Verity Pulford
1977, United Kingdom
Using a variety of processes to create her work, Pulford often employs a complex combination of glass techniques - casting, pate de verre, kiln formed, painted & etched - combined with natural materials that are either found or sourced, to complete her assemblages. Her artworks are visualised in many forms - vessels, sculptures and installations - for private collectors as well as for architectural and public art. The common thread is a playful approach with ideas intertwined with magical realism, resulting in the artist’s own visual language. Inspired by the wealth of plants and organisms uniquely found in nature, Pulford equally draws on modes of cataloguing & archiving such ‘natural artefacts’ by researching both historical and contemporary methods, examples being early cyanotypes, x-rays, microscopic images and botanical drawings.

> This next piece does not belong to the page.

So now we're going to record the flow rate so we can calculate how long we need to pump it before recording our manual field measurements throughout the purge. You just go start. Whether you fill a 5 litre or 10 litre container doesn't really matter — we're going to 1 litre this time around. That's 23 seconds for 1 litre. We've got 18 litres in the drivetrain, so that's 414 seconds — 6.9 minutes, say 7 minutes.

In the artist’s own words;
“I am interested in the complexity of life - how within each organism there are other organisms, each living within its own unique existence, layer upon layer of complexity yet a universal oneness, the feeling that we are all the same thing - a system, in communion, a beautiful symphony. It is this blissful, expansive, and calm space that I access through nature which is what I am trying to communicate and share in the medium of glass”

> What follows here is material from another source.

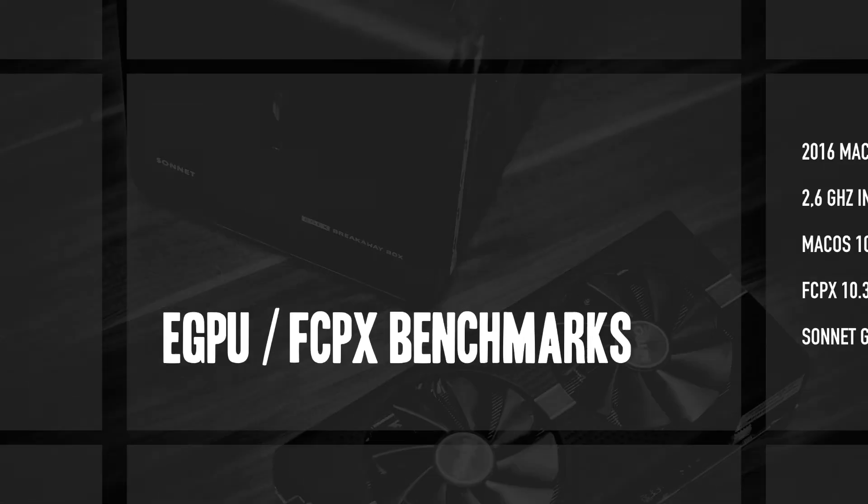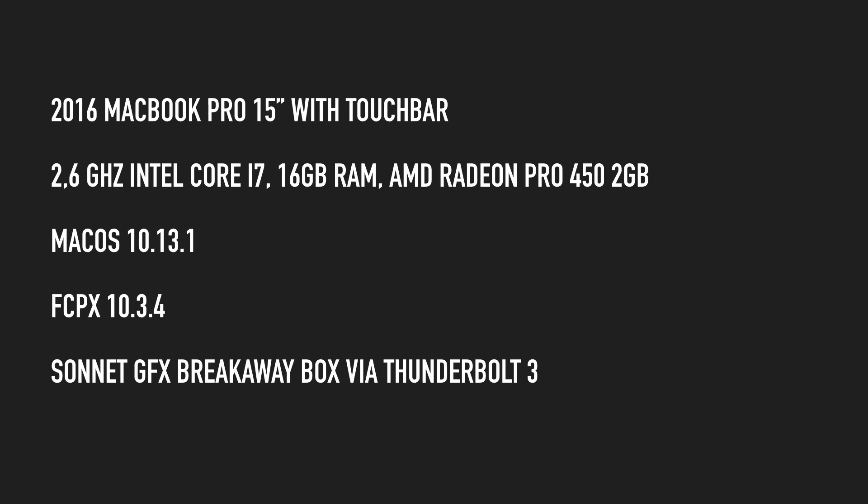I'm using a 2016 MacBook Pro 15-inch with Touch Bar. It has the basic setup — the AMD Radeon Pro 450 with 2 gigabytes — so it's not the fastest solution, and especially when I have two other screens connected it's a bit slow with 4K in Final Cut. I'm running macOS 10.13.1, which is the first official OS that supports the eGPU on the Mac side, and the latest Final Cut — version 10.13.4. I have no problems; others reported crashes with a connected eGPU but mine runs fine.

Pulford has exhibited extensively throughout the UK and has created several public art commissions, most notably for The Walton Centre, Liverpool, and Betsi Cadwaladr University Health Board, North Wales. She is a qualified teacher and has been ‘artist-in-residence’ in various hospitals and schools, resulting in workshops and collaborative artworks. Her ‘Studies of Algae’ artwork was selected for ‘Glass Lifeforms’ at The Fuller Craft Museum, Massachusetts, USA, opening in 2021.